Una vez pegada, la Slime se alejó sigilosamente y volvió con Texnolollir y Terrari.
LA DIOSA, deteniéndose un instante, mirando a todos lados:
— ¿Dónde se fue la pequeña gelatina? ¿Tuvo miedo y se escondió?
LA SLIME, poniendo cara de inocencia desde lejos:
— No me fui a ningún lado. Simplemente estaba admirando lo bien que bailás. Eso es todo.
La Diosa soltó una risa y volvió a su danza. No se dio cuenta de nada. No sintió nada. Pero esa pequeña parte de la Slime que estaba pegada en su hombro… empezó a hacer su trabajo.
LA ABSORCIÓN SILENCIOSA
Esa parte diminuta, invisible, comenzó a absorber la energía de la Diosa. De a poco. Muy despacio. Para que no se diera cuenta. Con cada giro, con cada paso, con cada movimiento lleno de poder divino, esa pequeña mancha transparente iba tomando un poco más de su fuerza. La Diosa seguía bailando, seguía esquivando todo, seguía creyendo que todo estaba bajo control. Pero poco a poco… algo cambiaba.
Sus movimientos seguían siendo hermosos, pero ya no tenían la misma fuerza. Sus giros seguían siendo rápidos, pero no tan rápidos como antes.

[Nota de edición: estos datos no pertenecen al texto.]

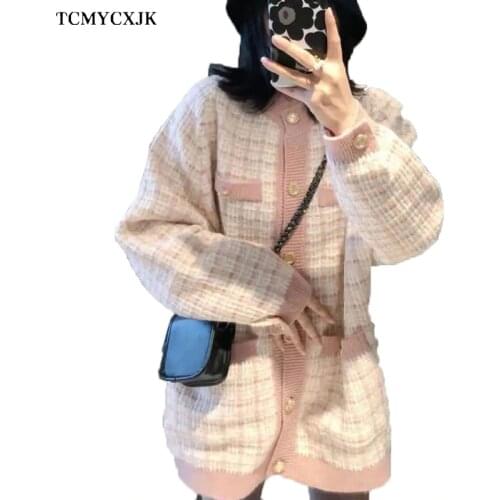 Cardigan Sweater Coat Womens Autumn 2021 Fashion Loose Houndstooth Knitted Cardigan Womens Single-breasted Long Sleeve Sweater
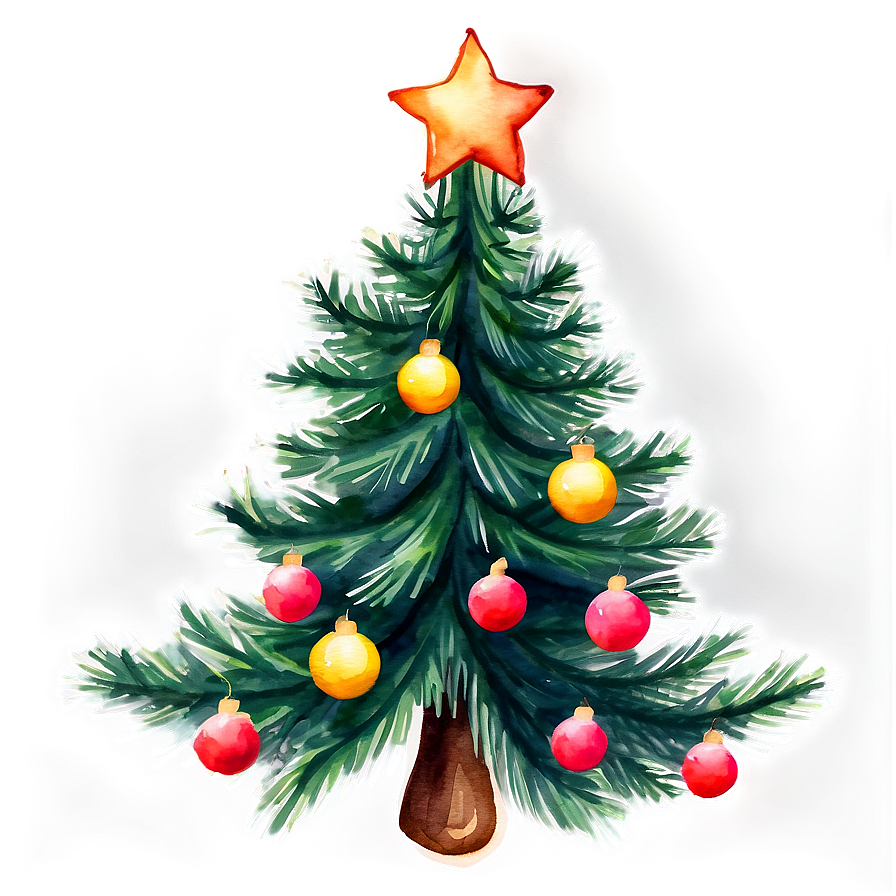 Christmas Tree Watercolor Transparent Png Gih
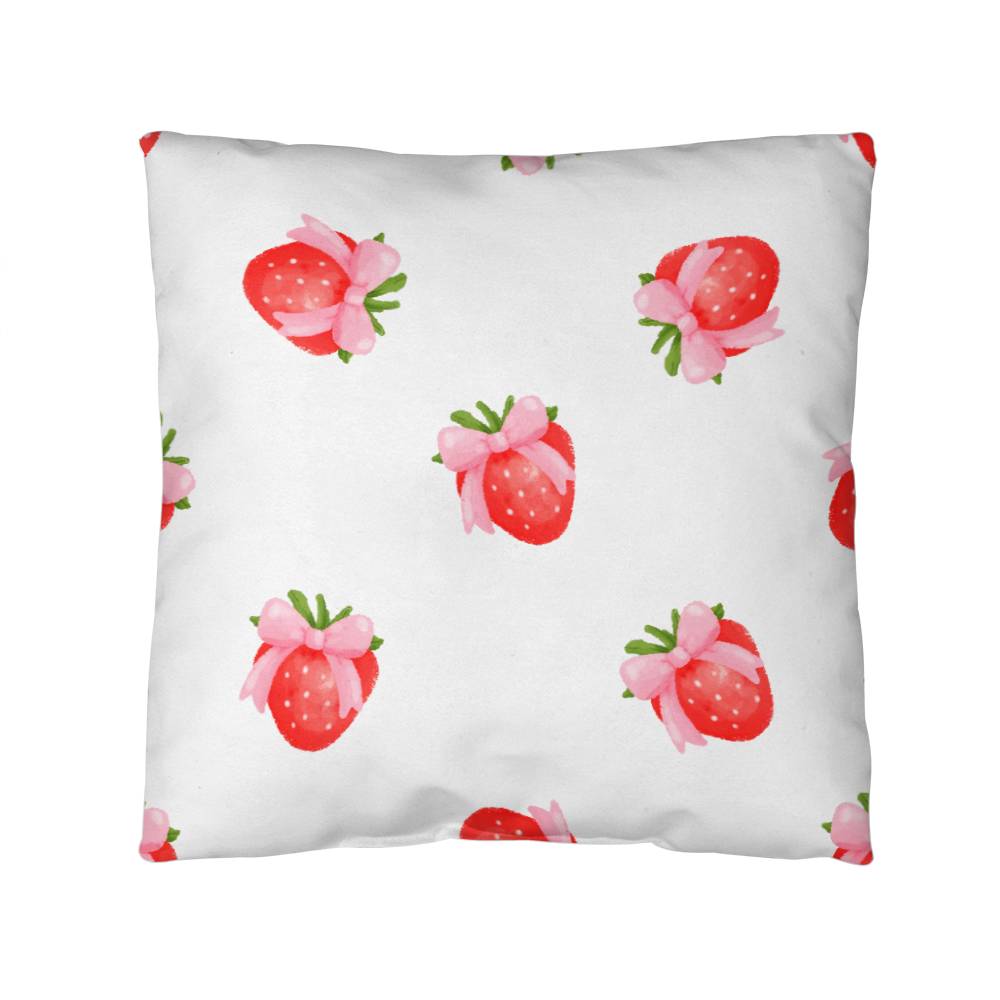 Strawberry Coquette Throw Pillow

Y cada vez que lanzaba una técnica divina, esta era un poco más débil que la anterior. Horas pasaron. Y esa parte diminuta había crecido. Se había extendido por su espalda, por sus brazos, pegándose más, absorbiendo más.

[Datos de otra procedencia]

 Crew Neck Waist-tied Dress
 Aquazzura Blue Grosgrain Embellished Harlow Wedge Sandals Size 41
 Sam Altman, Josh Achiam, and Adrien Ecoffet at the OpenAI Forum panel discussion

Hasta que un día, la Diosa dio un giro y… se tambaleó.
Se detuvo. Se llevó una mano al pecho, confundida. Sintió que su poder se le escapaba. Que su fuerza se iba. Miró su hombro y vio esa mancha púrpura transparente que ya no era tan pequeña. Y en ese instante, entendió.
LA DIOSA, con voz quebrada:
— ¿Qué es esto? ¿Qué me hiciste?
La Slime, que estaba lejos, sonrió y le respondió con voz clara:
— No fue mucho. Solo te fui tomando un poquito de energía. Un poquito cada vez. Y ahora… ya no te queda nada.

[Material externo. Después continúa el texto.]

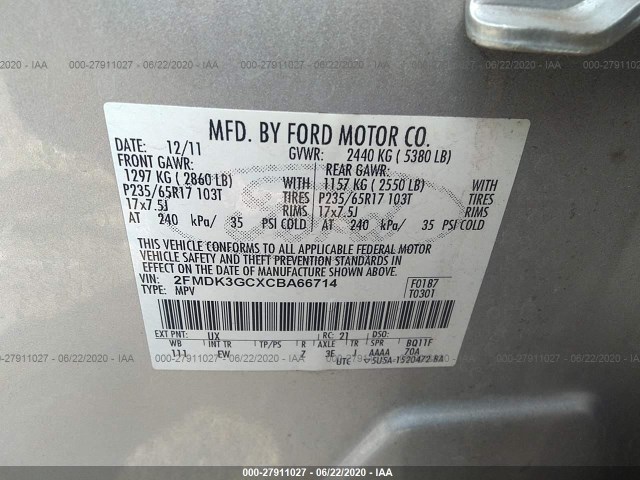 Photo 8 VIN: 2FMDK3GCXCBA66714 - FORD EDGE 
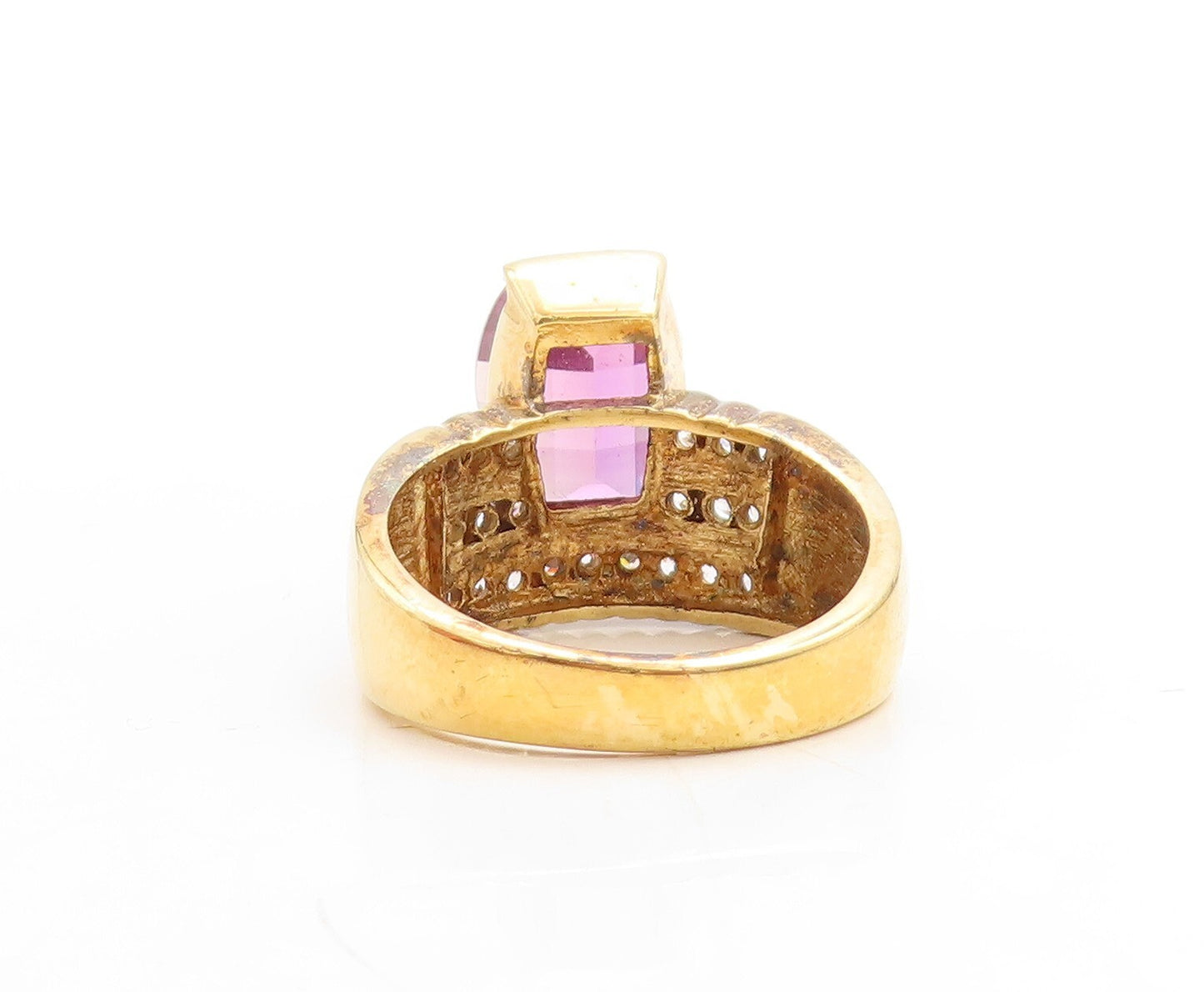925 Sterling Silver Vintage Ring DAVID SIGAL  Gold Plated Topaz  Sz 10  RG31362
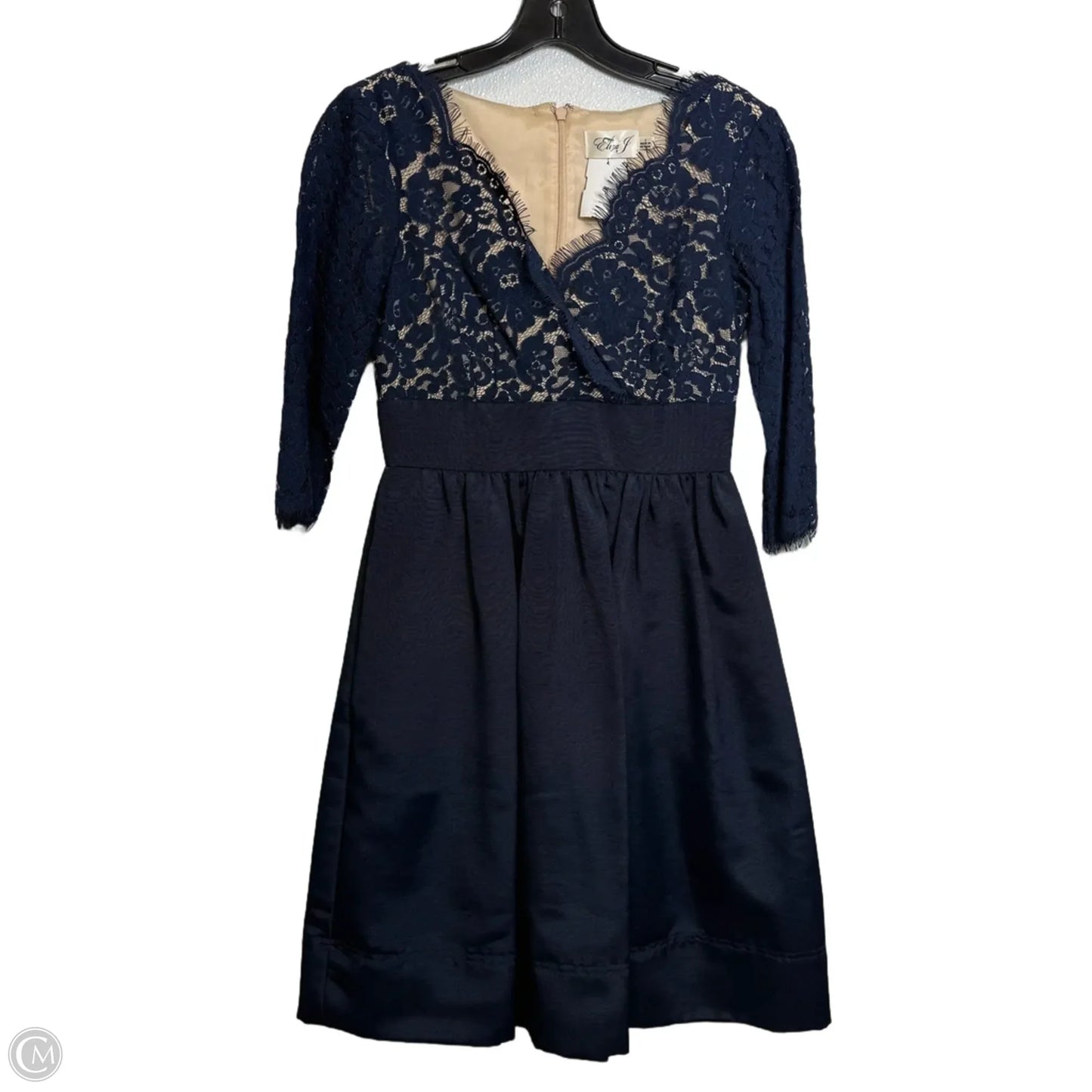 Dress Party Midi By Eliza J In Navy, Size: 0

La Diosa intentó atacar. Intentó bailar. Pero su cuerpo ya no respondía. Estaba débil. Vacía. Y en ese momento, la parte que estaba pegada a ella comenzó a tirar de ella. Y la Slime, desde lejos, abrió su cuerpo, se estiró, y absorbió a la Diosa por completo. No fue violento. Fue inevitable. La Diosa, que había vencido a seres supremos sin esfuerzo, que había esquivado el poder de Calamity como si nada… fue vencida por una gota que no sintió llegar.
EL CIERRE
Cuando todo terminó, la Slime volvió a su forma normal. Se veía igual que siempre, pero dentro de ella llevaba el poder de la Diosa del Baile. Y se acercó a Texnolollir con esa sonrisa pícara de siempre.
LA SLIME
— ¿Viste? Ustedes querían pelear con fuerza. Y yo… yo solo le dejé un regalo en el hombro. A veces lo más chico es lo que más duele.
Texnolollir la miró, asombrado de que hubiera logrado lo que él con el dragón y Terrari con Calamity no habían podido hacer.
TEXNOLOLLIR
— No la vimos venir. Ni ella tampoco. Fue una trampa perfecta.
LA SLIME, acercándose más, con ojos brillantes:
— Y ahora… tengo su poder. ¿Sabés lo que significa? Que ahora puedo bailar mejor que vos. Y también… puedo molestarte con más técnicas que nadie.
Texnolollir negó con la cabeza, pero no pudo evitar sonreír. Porque sabía que a partir de ese momento, tener a la Slime cerca iba a ser mucho más peligroso… y mucho más divertido.